A picnic sponsored by the CCPA earlier this year.
A picnic sponsored by the CCPA earlier this year.

The former Career Development Office (CDO) is now in its new form as the Center for Career & Professional Advising (CCPA), and the changes go far beyond a mere name swap. The shift, which has been in the making for almost three years, is part of a larger push by liberal arts colleges to stay relevant.

“We want to be advising them in all areas, and not waiting to give career and professional advice until some later point in their college career,” said Dean of the College Martha Denney, who said that the old office was “not responsive to the student body.”

Kelly Cleary, the center’s new Dean for Career and Professional Advising, says the office has made several central changes to make the entire office more responsive to the needs of students.

“The CCPA’s mission is to encourage students to be more intentional about their career exploration and professional development,” said Cleary, “and to help them identify and articulate their strengths, abilities and professional ambitions [and] develop excellent resumes, cover letters, interview skills and other tools.”

First among these changes is the completely new deanship filled by Cleary, a former career counselor at the University of Iowa, athletic advisor at George Washington University, and most recently, a senior associate director at the career center at the University of Pennsylvania.

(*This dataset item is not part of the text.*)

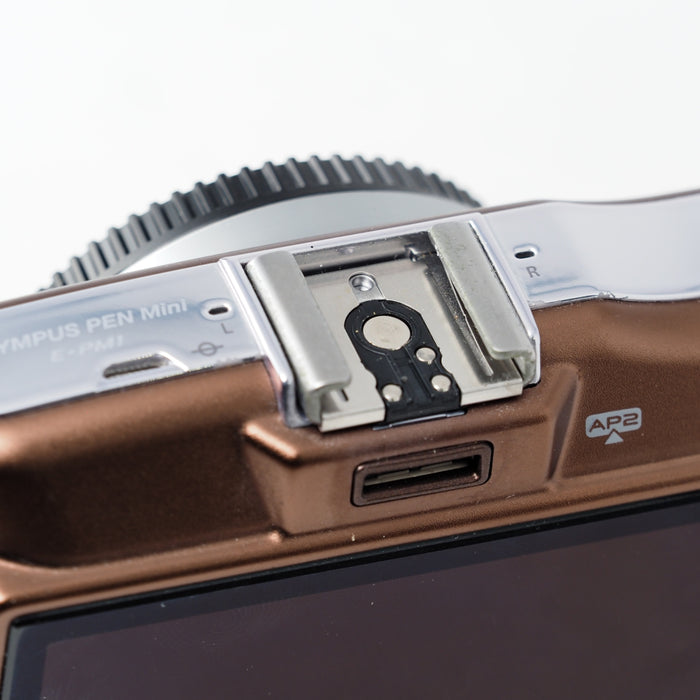 OLYMPUS PEN mini E-PM1 ボディ ブラウン #15471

Unlike Director of Career Services Amy Feifer, deans advise individual students, which means that they learn more about the specific needs of students and get to give students advice in one-on-one sessions. In addition to a regular dean portfolio (she is dean for students with last names T-Z), Cleary meets with students individually to talk about their career goals and will host career-related workshops throughout the year, including upcoming sessions on interview skills, applying to graduate school, and working abroad.

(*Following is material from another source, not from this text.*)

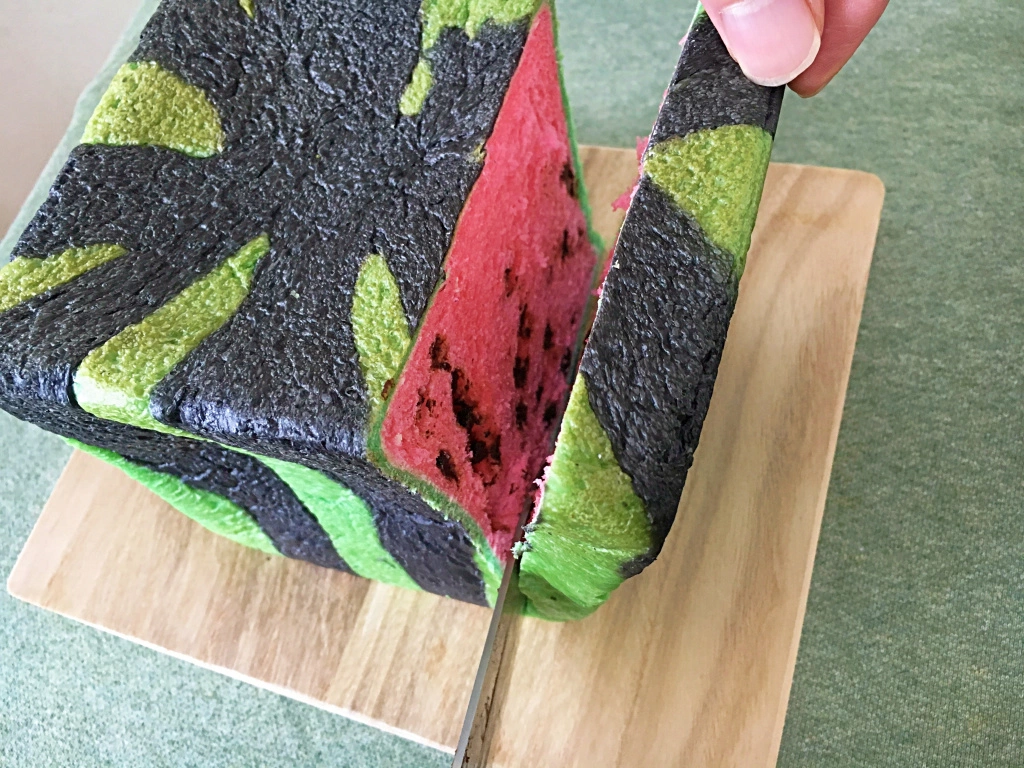 Move over square watermelons Japan now has square watermelon bread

Cleary hopes her interactions with students will help the Center “[enhance] and [develop] programs and resources that will help students more easily make connections between their experiences at Haverford and their professional lives after they graduate.”

In what is an equally significant change, the CCPA, unlike its predecessor, is a uniquely Haverfordian entity. Previously, CDO staff would commute back and forth between the Bi-Co, and it was uncommon to see any particular project directed entirely towards one campus or another. Now CCPA staff can personalize events and outreach to work with Haverford’s specific culture and student body. Despite the split, all of the old BiCo and TriCo resources remain available to Haverford students.

“Because we are on Haverford’s campus every day rather than commuting between campuses, we are spending more time getting to know Haverford students– their needs, hopes, worries, and career aspirations,” said Cleary.